Slow paced shopping lanes introduced to Scotland
Tesco in Forres, Scotland is the first Scottish supermarket to offer a relaxed check out service. After a collaboration with Alzheimers Scotland and multiple customer contact sessions, the local store decided to pilot the relaxed check out on Tuesday and Wednesday mornings. This is in an effort to be more inclusive to many members of the community who dislike the feeling of being pressured and rushed.
Keeping a calm tone promotes socialising for the older members of the community who can otherwise feel isolated. Many people enjoy chatting to their cashier as other social interactions may be limited, however this is inhibited by supermarket targets for items scanned per hour. It is also a blessing for those with limited mobility, as people who use mobility scooters or need mobility accessories like home stair lifts often need a little more time at check outs and can often feel pressured by both checkout staff and other customers. Tesco putting a slower lane in place shows they value customer experience as well as profits.
There is also less pressure for those who suffer with autism, anxiety and other disorders who struggle with situations where they may feel overwhelmed.
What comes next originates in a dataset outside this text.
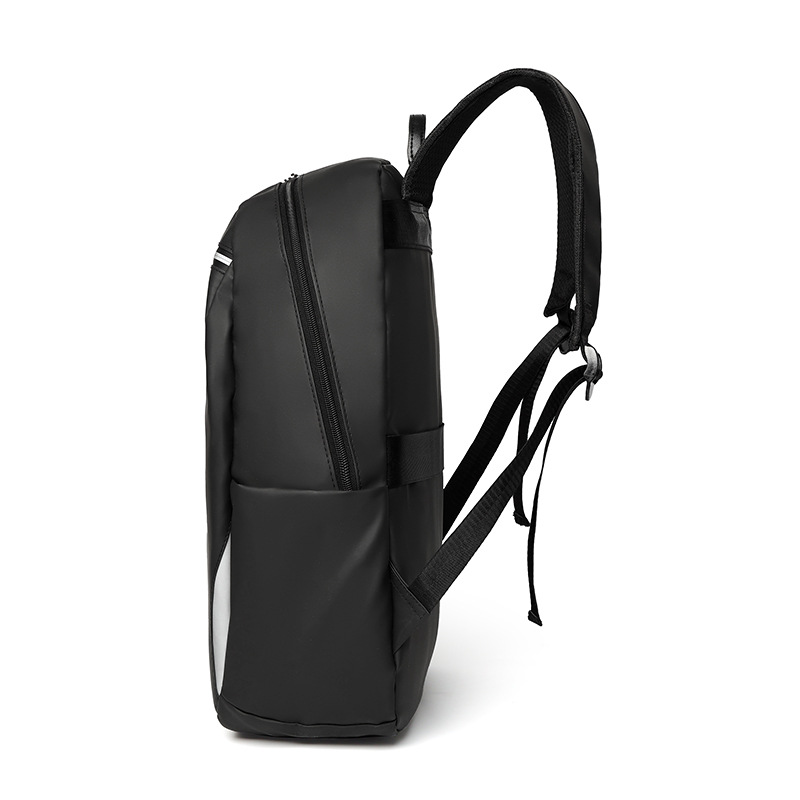 AliExpress nueva mochila para hombre ligera al aire libre moda contraste color gran capacidad viajes de corta distancia mochila de viaje marea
By reducing the stress, it should make the shopping experience more pleasant for a range of individuals within the community.
Other stores, both in the USA and UK have trialled quiet hours, especially in the lead up to Christmas. JC Penney, an American department store, piloted a sensory friendly shopping experience directed at parents with autistic children. By reducing the lighting, turning off the music and halting tannoy announcements, they lessen the stimulation people experience in these specific quiet hours.
A similar experiment involved Toys R Us in the UK, where one Sunday morning in early December, they kept noise and lighting to a minimum while also creating quiet zones, in stark contrast to most Christmas shopping experiences. Though these examples appear to be few and far between, the increase in quiet hours and relaxed lanes shows a turning of tide to increased community inclusion, which in the future will hopefully be standard practice across many supermarkets and high street stores.